Jason's Tomb (Hebrew: kever Yason) is a rock-cut tomb dating to the first century BCE in the Hasmonean period, discovered in the Rehavia neighborhood in Jerusalem, Israel. It has been identified as the burial site of a certain Jason, possibly a naval commander, based on the charcoal drawing of two warships discovered in the cave.

Discovery and research
The tomb was discovered in 1956 and the authorities in charge of antiquities expropriated the site from its owners in order to preserve it. Levi Yitzhak Rahmani excavated it and published his findings in 1967.

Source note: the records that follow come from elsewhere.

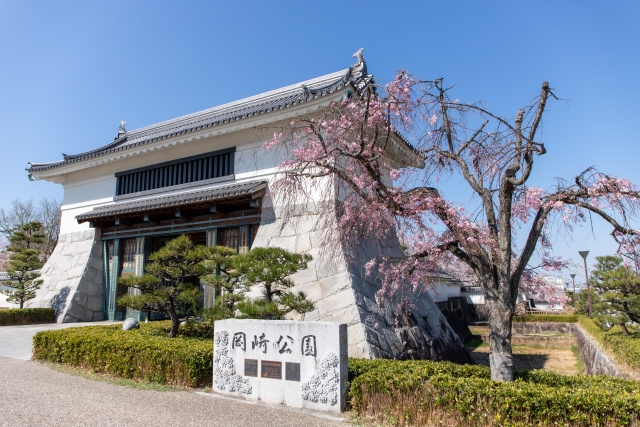 岡崎市の有名な場所を完全網羅｜定番から地元民の穴場までの画像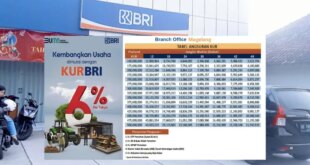 Setoran Bank BRI KUR 2025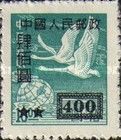 Tundra Swans over Globe, Swan Geese (Anser cygnoides)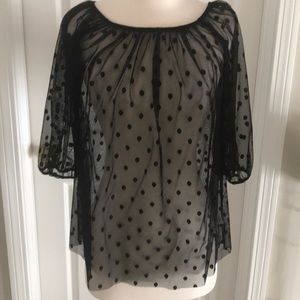 Cache sheer polka dot top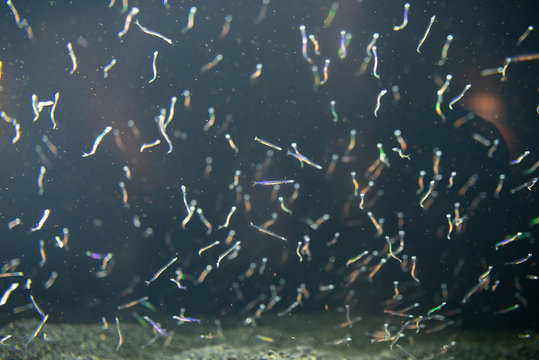 白魚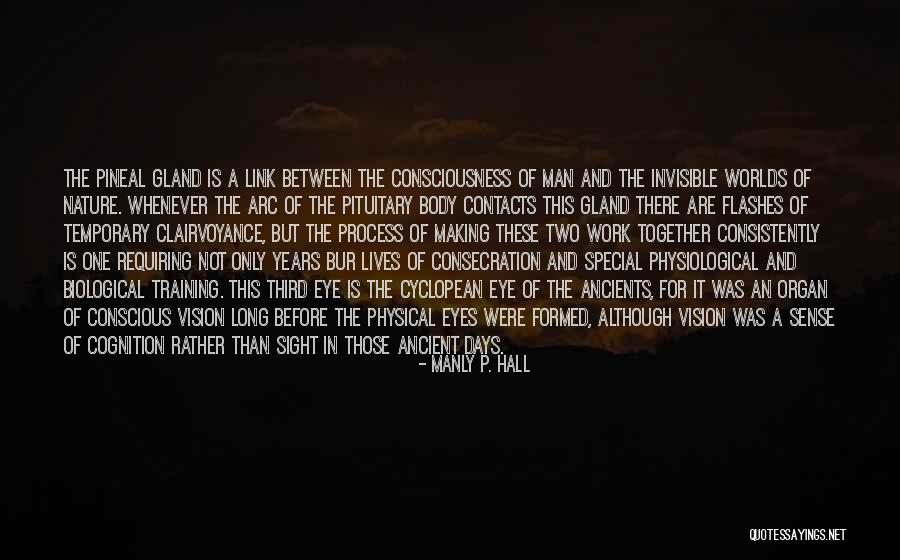 Pituitary Gland Quotes By Manly P. Hall Pituitary Gland Quotes By Manly P. Hall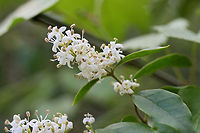 Chinese privet (Ligustrum sinense) NONNATIVE/INVASIVE. Growing in a backyard habitat in NW Georgia.<br />
<br />
Ligustrum sinense is a deciduous shrub native to Asia. It has been cultivated in North America as an ornamental. It can be found in many locations as it a highly invasive plant. It poses major ecological threats to native understory species, aggressively invading forests, fields, roadsides, and many other habitats.<br />
https://www.jungledragon.com/image/60459/chinese_privet_ligustrum_sinense.html Chinese privet,Geotagged,Ligustrum sinense,Spring,United States,invasive,invasive plants,invasive species,privet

The tomb is considered to date from the time of Alexander Jannaeus (r. 103–76 BCE). A ceramic assemblage found here was dated by one expert, Rachel Bar-Nathan, to no later than the 31 BC Judea earthquake, a date not readily accepted by everyone. Coins found at the site date to the first third of the first century CE. The tomb was finally blocked in 30/31 CE.

Description
The building consists of a courtyard and a single Doric column decorating the entrance to the burial chamber, topped with a reconstructed pyramid-shaped roof. Among the carved inscriptions in Greek and Aramaic is one that laments the deceased Jason: "A powerful lament make for Jason, son of P... (my brother) peace ... who hast built thyself a tomb, Elder rest in peace."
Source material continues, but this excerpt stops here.